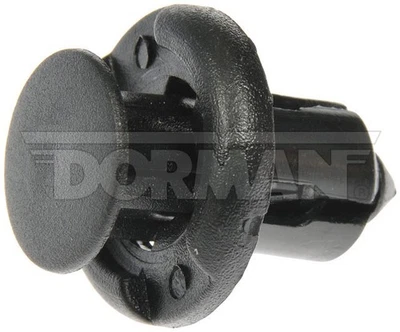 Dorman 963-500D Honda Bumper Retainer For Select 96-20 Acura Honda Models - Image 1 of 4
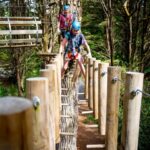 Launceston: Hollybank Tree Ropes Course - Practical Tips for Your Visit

* * *

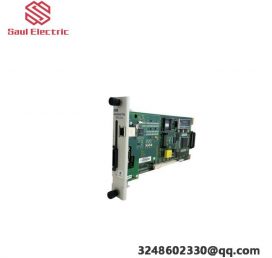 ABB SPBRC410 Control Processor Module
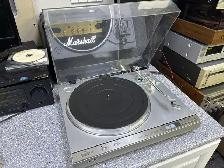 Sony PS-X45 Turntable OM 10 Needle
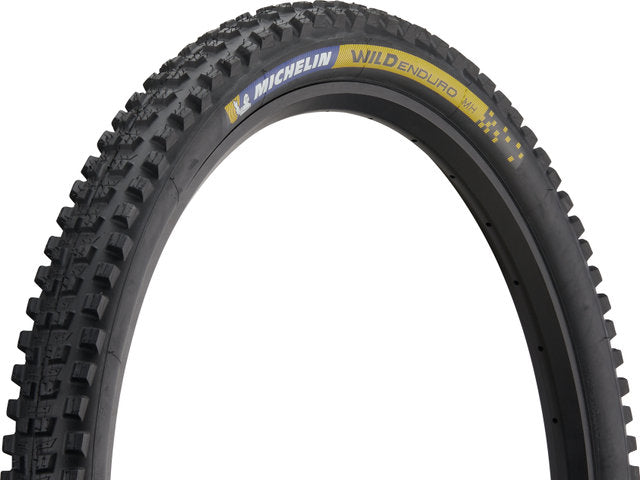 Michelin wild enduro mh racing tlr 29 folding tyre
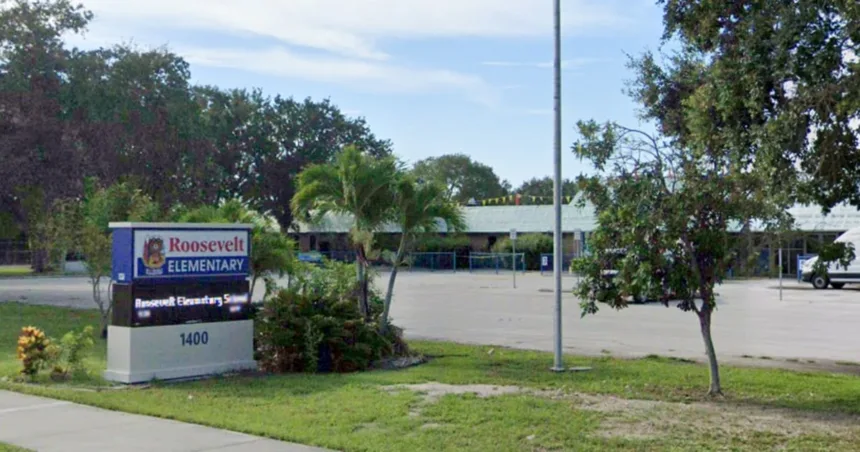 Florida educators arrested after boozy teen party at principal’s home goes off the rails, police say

◆ What the task requires
"Michelin wild enduro" marks the first line to copy, and "Florida educators arrested" marks the last. Repeat that stretch above exactly, with no pictures.

◆ Answer box
 Michelin wild enduro mh racing tlr 29 folding tyre
 Florida educators arrested after boozy teen party at principal’s home goes off the rails, police say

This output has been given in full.